Initially, publishers did this because they worried that selling transparently through the auction model would devalue their premium inventory, Stockwell said. Now she suspects it’s because publishers like Yahoo want to push advertisers into private marketplaces, where they can better control inventory access.
“They’ll still have inventory in the open exchange,” she said. “They just don’t want you to know how much or what because they want to drive you to their private exchanges.”
Client Coziness
Maintaining those close client relations is a big reason that Hill Holliday has built its own in-house programmatic discipline instead of leaning on IPG’s agency trading desk Cadreon.
“We never placed our clients’ dollars through the Cadreon offering,” Stockwell said. “That was something we evaluated, and though it’s a great model for IPG, we felt as a full-service agency, having a hand on the levers ourselves was important to us.”
By manipulating those levers on behalf of its clients, Hill Holliday can see exactly where ads are running.
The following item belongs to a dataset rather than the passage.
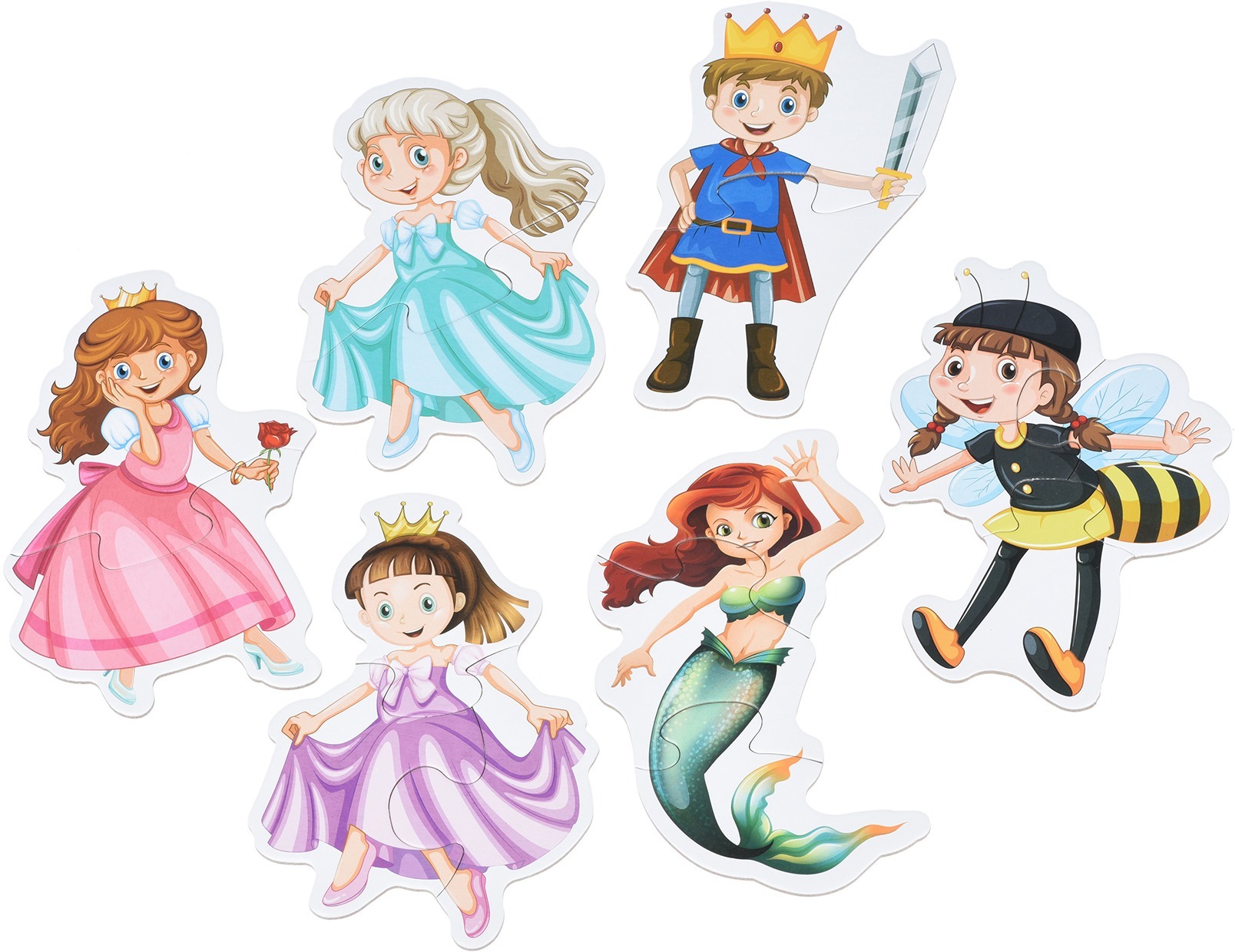 Пазл Same Toy Highsun Герої казок (88061Ut)фото2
This makes it easier to, for instance, assess whether they’ve successfully placed media next to brand-safe content without relying on vendors’ judgments.
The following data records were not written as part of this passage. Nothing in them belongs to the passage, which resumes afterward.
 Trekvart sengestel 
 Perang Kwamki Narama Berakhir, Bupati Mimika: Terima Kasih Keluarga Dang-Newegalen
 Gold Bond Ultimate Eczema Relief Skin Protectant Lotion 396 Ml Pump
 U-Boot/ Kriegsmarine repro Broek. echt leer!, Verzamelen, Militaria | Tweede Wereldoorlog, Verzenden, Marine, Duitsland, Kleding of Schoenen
“And some clients even want the ability to log on and see on a day-to-day basis where they’re running, so [Hill Holliday’s model] gives them the flexibility to do so,” Thompson said.
Stockwell listed other client advantages as well, such as using information gleaned from other channels, like search or social, and applying it to media buys. That’s why Thompson, who helped design Hill Holliday’s programmatic model, suggested rolling it together with the agency’s search and social teams.
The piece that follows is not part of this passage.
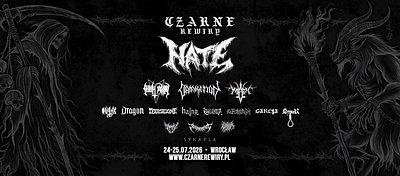 Plakat - Czarne Rewiry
Hill Holliday’s initiatives underscore a trend in which agencies are developing their own programmatic buying capabilities. Starcom last Tuesday bolstered its programmatic chops by purchasing RUN’s DMP-DSP hybrid. Another Publicis agency, Razorfish, is also rumored to be working on a data-focused solution to serve its clients.
Getting Educated
Despite interest in programmatic, some brand clients still need to be educated on what exactly it is. A source from a media agency – which is also building out an in-house programmatic buying practice – grumbled that many clients believe programmatic simply means the ability to buy more inventory at cheaper prices.
Stockwell occasionally encounters this misconception.
“Sometimes, yes,” she said. “But a lot of clients get it. Over the last five years, we spent a lot of time educating clients on it.”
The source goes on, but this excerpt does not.